It's the birthday of the legendary editor Maxwell Perkins (books by this author), born in New York City (1884). A Harvard grad, Perkins started his publishing career in the advertising department at Scribners, the venerable — and distinctly Princeton — publishing house. In 1914, Perkins joined the editorial staff, where he quickly shook things up at the staid, highly traditional company by seeking out new, young writers. His first major — and controversial — acquisition came five years later with the manuscript of an unknown St. Paul man. Originally titled The Romantic Egoist, an earlier draft had been roundly dismissed and rejected by the other editors in the house, but Perkins saw promise. When F. Scott Fitzgerald revised and resubmitted the book as encouraged, Perkins accepted it against the judgment of his colleagues. The book, now titled This Side of Paradise, was a smash success, as was the follow-up, The Beautiful and the Damned.
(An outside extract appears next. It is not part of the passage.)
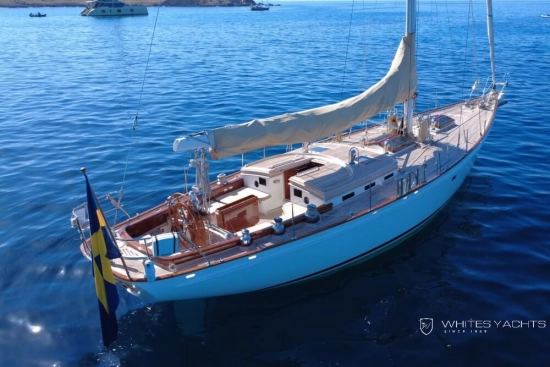 Vitters Shipyard 55ft Hoek Design de segunda mano en venta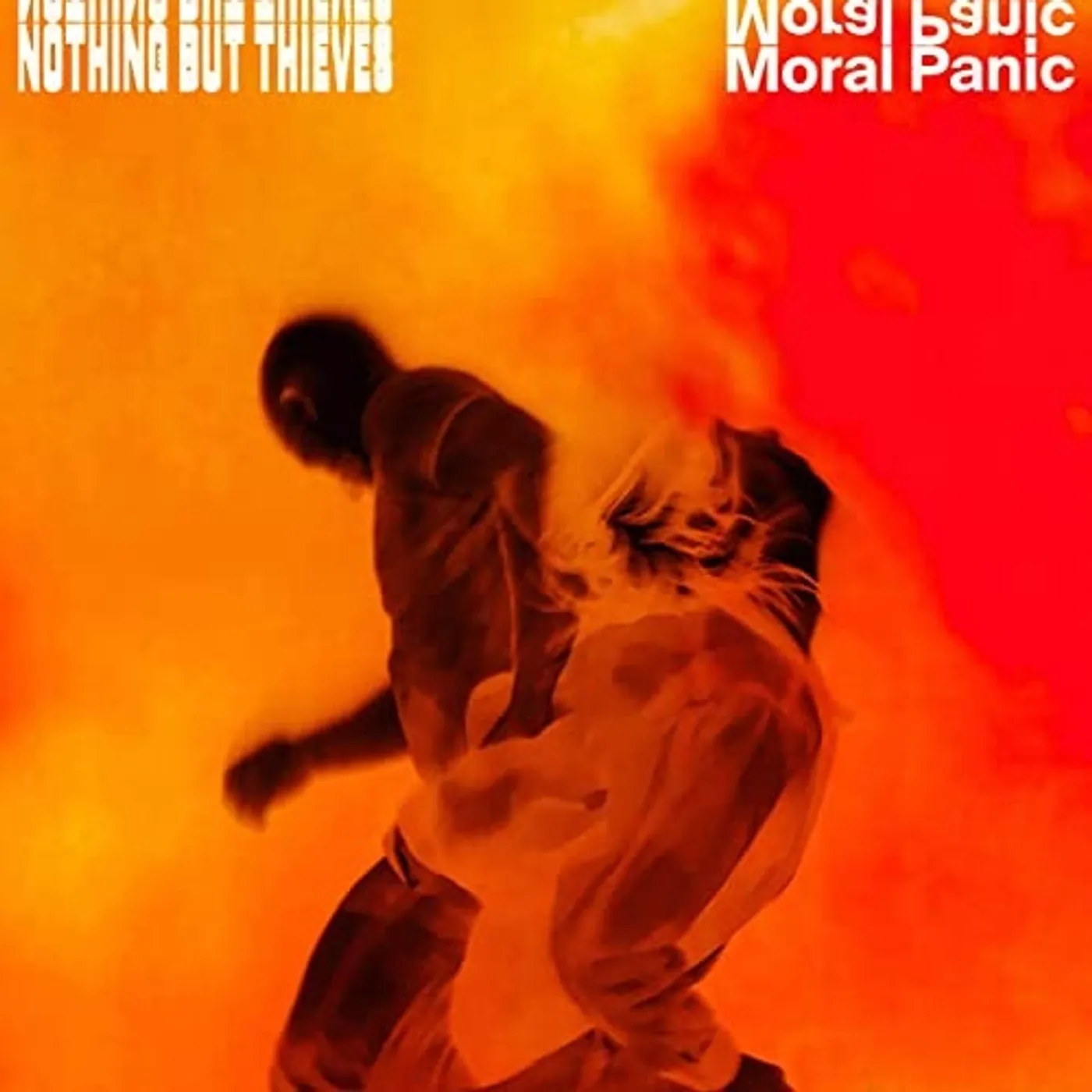 Nothing But Thieves Moral Panic Vinyl Record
Perkins' editorial eye, however, wasn't yet fully trusted by his co-workers. Fitzgerald's The Great Gatsby was a commercial disappointment, and still Perkins had the temerity to pay attention when the novelist recommended the work of an American writer he'd met in Paris: Ernest Hemingway. Again, Perkins had to fight his firm to publish Hemingway's The Sun Also Rises, considered profane for the time. Eventually, Scribners conceded that Perkins seemed to have a knack for his job. He became the editorial director.
The third author with whom Perkins is most associated, and the one for whom he did the most editing, rather than just advising and encouraging, is Thomas Wolfe. Although the manuscript of Look Homeward, Angel was discovered by another reader at Scribners, Perkins took on the sprawling novel and its sensitive author. He ultimately convinced Wolfe to cut 66,000 words, which they did together with painstaking care. Wolfe later described their first meeting about his 1,100-page draft: "I saw now that Perkins had a great batch of notes in his hand and that on the desk was a great stack of handwritten paper — a complete summary of my whole enormous book. I was so moved and touched to think that someone at length had thought enough of my work to sweat over it in this way that I almost wept."
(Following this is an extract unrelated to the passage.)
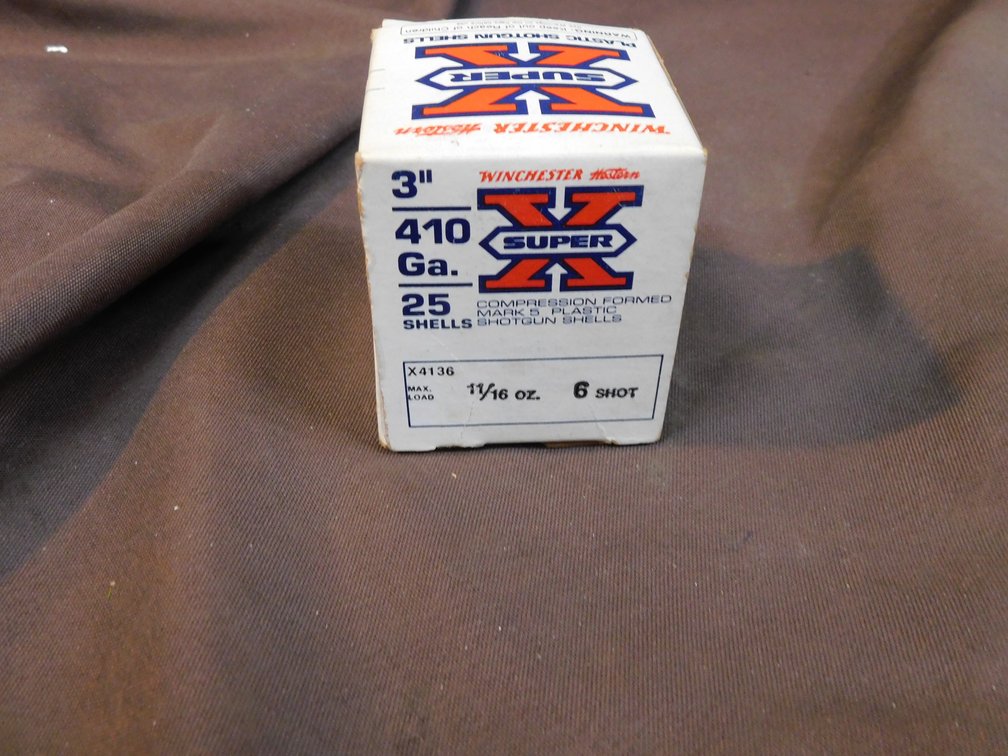 Winchester 410 Ammo 3", 14 Rounds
Wolfe's own praise of his editor helped contribute to an impression that the book was practically co-written. Both of them denied this charge; Wolfe, perhaps, grew to resent it. He eventually left Scribners, a move that friends claimed broke Perkins' heart. But they remained close friends, as did Perkins with Fitzgerald and Hemingway, via frequent correspondence.
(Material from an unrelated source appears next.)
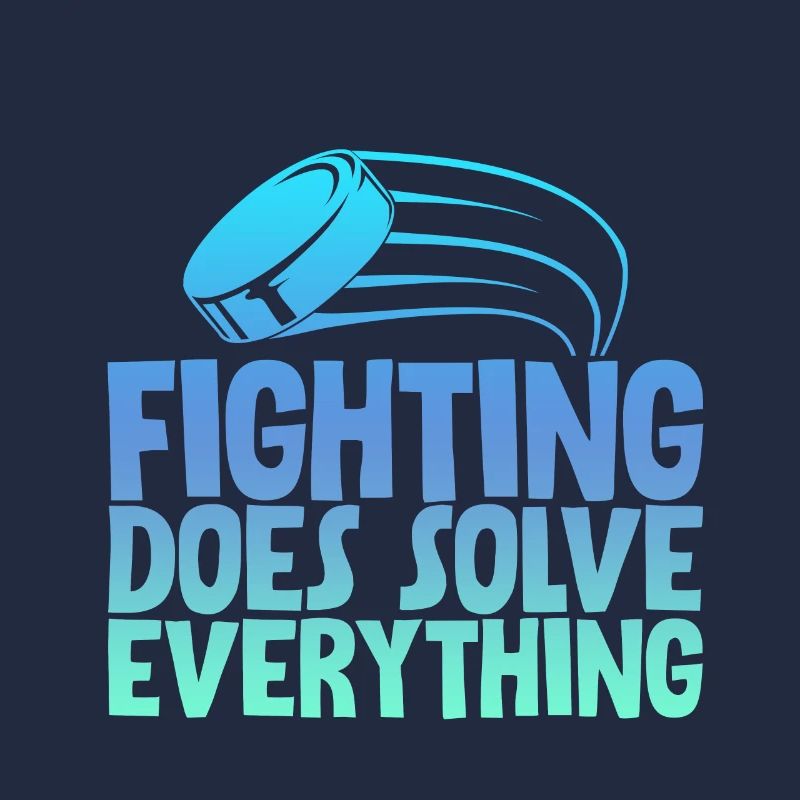 Fighting Does Solve Everything 2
When Perkins fell fatally ill with pneumonia in 1947, his wife called an ambulance to their home. As an attendant carried the stretcher up to his bedroom, Perkins instructed his daughter to take the two manuscripts from his nightstand — Cry, The Beloved Country andFrom Here to Eternity — and deliver them to his secretary for safekeeping.
Perkins said, "An editor does not add to a book. At best he serves as handmaiden to an author. A writer's best work comes entirely from himself."